(Beginning of Data for analysis)

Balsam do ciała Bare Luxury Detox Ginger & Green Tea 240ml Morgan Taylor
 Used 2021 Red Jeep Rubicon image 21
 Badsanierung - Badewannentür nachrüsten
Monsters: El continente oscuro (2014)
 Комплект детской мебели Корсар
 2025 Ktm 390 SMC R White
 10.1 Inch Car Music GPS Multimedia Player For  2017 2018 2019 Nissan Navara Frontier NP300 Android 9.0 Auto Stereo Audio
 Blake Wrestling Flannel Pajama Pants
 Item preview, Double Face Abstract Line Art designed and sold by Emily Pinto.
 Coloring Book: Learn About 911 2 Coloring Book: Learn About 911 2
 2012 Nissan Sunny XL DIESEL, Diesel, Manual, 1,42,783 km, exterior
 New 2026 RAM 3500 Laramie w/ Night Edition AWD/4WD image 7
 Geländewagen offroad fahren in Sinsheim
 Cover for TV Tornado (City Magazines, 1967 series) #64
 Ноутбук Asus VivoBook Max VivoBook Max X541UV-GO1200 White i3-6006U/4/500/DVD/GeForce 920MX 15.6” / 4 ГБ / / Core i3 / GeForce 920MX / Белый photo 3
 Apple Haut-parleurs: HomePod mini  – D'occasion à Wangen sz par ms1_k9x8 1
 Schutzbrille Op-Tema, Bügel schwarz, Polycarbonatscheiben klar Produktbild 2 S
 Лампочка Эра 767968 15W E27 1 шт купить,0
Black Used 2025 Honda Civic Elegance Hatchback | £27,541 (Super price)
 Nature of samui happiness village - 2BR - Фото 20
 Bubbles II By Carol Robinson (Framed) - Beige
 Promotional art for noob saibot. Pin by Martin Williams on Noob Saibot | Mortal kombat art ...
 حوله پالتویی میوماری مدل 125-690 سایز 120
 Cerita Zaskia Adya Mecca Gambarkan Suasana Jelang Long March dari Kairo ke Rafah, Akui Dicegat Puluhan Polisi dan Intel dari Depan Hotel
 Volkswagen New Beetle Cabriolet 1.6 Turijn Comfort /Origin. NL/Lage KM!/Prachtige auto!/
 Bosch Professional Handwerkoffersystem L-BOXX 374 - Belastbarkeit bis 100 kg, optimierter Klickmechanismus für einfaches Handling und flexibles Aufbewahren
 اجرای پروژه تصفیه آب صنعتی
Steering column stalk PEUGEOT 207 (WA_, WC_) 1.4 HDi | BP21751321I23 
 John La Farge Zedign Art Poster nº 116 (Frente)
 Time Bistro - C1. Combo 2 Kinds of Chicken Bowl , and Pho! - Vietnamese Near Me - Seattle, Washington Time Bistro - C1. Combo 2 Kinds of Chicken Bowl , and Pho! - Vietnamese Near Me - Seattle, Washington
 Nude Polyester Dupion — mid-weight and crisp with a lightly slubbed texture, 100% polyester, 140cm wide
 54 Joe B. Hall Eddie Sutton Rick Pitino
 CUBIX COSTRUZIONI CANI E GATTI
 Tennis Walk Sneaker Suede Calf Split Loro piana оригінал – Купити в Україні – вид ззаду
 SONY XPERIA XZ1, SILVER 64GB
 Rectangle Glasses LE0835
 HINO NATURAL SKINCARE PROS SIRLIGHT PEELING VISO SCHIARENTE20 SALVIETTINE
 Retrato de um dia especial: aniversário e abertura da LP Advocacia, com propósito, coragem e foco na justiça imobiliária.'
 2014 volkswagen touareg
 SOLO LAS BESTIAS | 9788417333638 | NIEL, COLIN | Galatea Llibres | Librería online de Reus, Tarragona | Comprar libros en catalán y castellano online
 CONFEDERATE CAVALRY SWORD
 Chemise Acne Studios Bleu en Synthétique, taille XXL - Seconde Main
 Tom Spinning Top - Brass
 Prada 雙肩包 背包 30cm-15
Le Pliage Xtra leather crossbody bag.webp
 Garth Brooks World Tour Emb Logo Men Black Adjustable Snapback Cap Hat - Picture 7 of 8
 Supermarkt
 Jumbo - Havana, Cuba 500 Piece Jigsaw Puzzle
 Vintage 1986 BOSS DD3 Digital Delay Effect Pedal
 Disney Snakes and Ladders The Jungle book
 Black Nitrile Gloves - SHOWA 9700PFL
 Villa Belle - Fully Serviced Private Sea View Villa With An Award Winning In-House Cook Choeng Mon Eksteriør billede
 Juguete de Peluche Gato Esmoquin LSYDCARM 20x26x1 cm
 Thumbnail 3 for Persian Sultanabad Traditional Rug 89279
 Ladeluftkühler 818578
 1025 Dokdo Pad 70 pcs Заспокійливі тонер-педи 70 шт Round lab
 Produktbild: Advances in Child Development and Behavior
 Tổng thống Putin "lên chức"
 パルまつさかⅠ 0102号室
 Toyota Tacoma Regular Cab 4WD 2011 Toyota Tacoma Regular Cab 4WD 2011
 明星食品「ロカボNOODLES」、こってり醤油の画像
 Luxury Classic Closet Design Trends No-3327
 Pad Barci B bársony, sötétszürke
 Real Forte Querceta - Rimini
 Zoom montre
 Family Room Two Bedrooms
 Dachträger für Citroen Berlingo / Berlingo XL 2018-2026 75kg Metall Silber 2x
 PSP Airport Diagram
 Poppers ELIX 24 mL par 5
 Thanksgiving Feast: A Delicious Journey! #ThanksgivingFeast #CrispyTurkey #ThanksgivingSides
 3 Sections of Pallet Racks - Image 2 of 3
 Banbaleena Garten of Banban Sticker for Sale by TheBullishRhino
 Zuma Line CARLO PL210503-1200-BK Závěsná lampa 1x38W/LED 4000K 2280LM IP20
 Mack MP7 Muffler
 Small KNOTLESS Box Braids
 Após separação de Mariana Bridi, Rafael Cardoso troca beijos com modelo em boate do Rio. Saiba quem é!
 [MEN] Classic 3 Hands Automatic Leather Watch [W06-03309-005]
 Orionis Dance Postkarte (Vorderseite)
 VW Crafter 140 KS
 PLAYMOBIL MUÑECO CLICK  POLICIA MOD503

(End of Data for analysis)

* [Problem details] Copy out the range of lines above starting at the line with "Black Used 2025" and ending at the line with "اجرای پروژه تصفیه آب صنعتی", exactly and including both.

* [Exercise output]
Black Used 2025 Honda Civic Elegance Hatchback | £27,541 (Super price)
 Nature of samui happiness village - 2BR - Фото 20
 Bubbles II By Carol Robinson (Framed) - Beige
 Promotional art for noob saibot. Pin by Martin Williams on Noob Saibot | Mortal kombat art ...
 حوله پالتویی میوماری مدل 125-690 سایز 120
 Cerita Zaskia Adya Mecca Gambarkan Suasana Jelang Long March dari Kairo ke Rafah, Akui Dicegat Puluhan Polisi dan Intel dari Depan Hotel
 Volkswagen New Beetle Cabriolet 1.6 Turijn Comfort /Origin. NL/Lage KM!/Prachtige auto!/
 Bosch Professional Handwerkoffersystem L-BOXX 374 - Belastbarkeit bis 100 kg, optimierter Klickmechanismus für einfaches Handling und flexibles Aufbewahren
 اجرای پروژه تصفیه آب صنعتی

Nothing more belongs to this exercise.